Solomon Islands signs on to China telecom deal — but at what price?

The Solomon Islands government confirmed yesterday that it had signed, sealed, and would now deliver on a contract with Chinese tech giant Huawei to build 161 telecom towers in the country, courtesy of a $96 million 20-year concessional loan from the Exim Bank of China.

The view from many people in the Solomon Islands is that the numbers don’t add up. The view from the region is that the infrastructure may pose a security risk.

“The biggest issue is if it’s sustainable for us as a country. Whether we get it from Australia or whoever, can we handle it?” Solomon Islands journalist Dorothy Wickham told Crikey. “People are more worried about affordability, not so much the geopolitics of it.”

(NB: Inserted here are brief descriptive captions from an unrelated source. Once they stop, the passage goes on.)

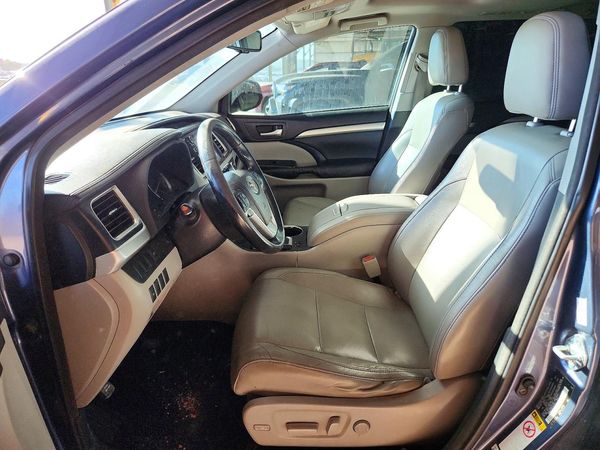 2014 TOYOTA HIGHLANDER Base/Hybrid — DENT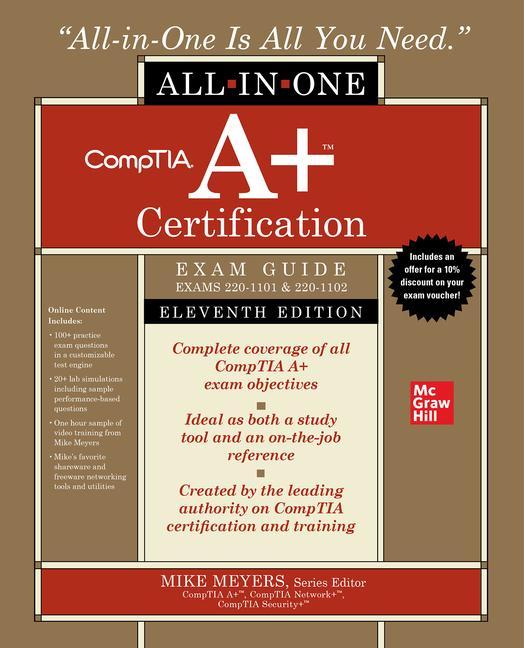 Kniha CompTIA A+ Certification All-in-One Exam Guide, Eleventh Edition (Exams 220-1101 & 220-1102) Andrew Hutz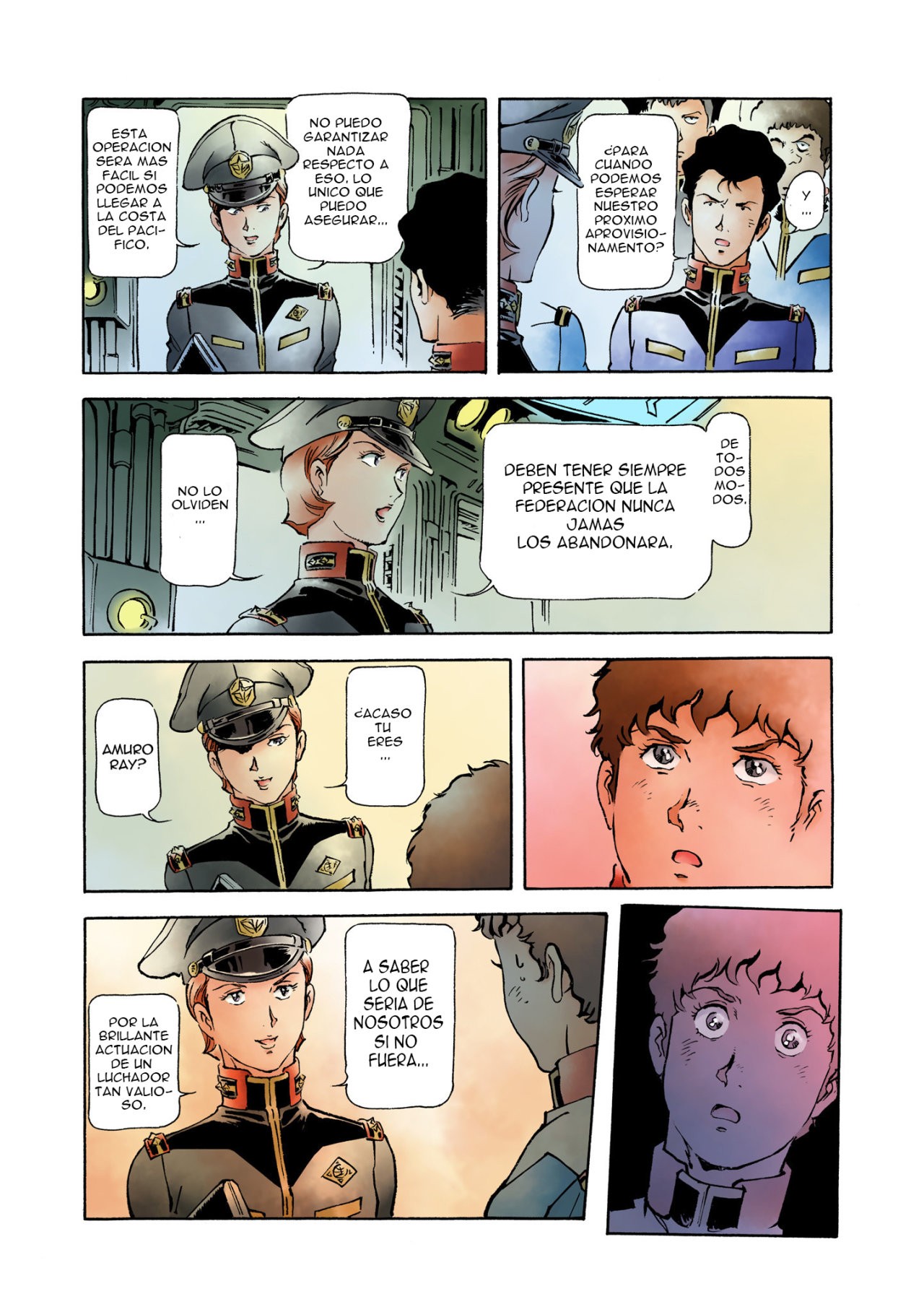 Read MOBILE SUIT GUNDAM THE ORIGIN (ES) Manga Online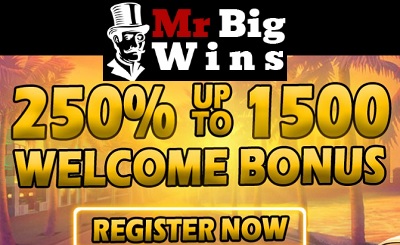 Mr Big Wins Welcome Bonus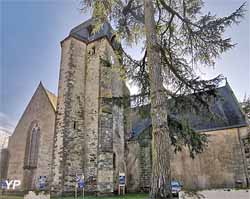 Église Saint-Etienne (doc. Mairie de Bois-de-Céné)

In a statement, the Solomon Islands government said the project was approved by an independent review that showed it would generate enough revenue to fully repay both the principal loan amount and interest costs.

Crikey has obtained a copy of the KPMG report submitted in April. In short, it says nothing of the sort, finding Huawei’s proposed $40 million profit was more to the tune of a $140 million loss. 

Pacific digital expert from the ANU’s department of Pacific affairs Amanda Watson said big question marks remained over how exactly the Solomon Islands government landed on Huawei.

“Did the Solomons put out a public request through which any company could put forward a proposal, or did Huawei approach the government with the idea?” she said. “If this is an idea that has come from Huawei, then I have some concerns.”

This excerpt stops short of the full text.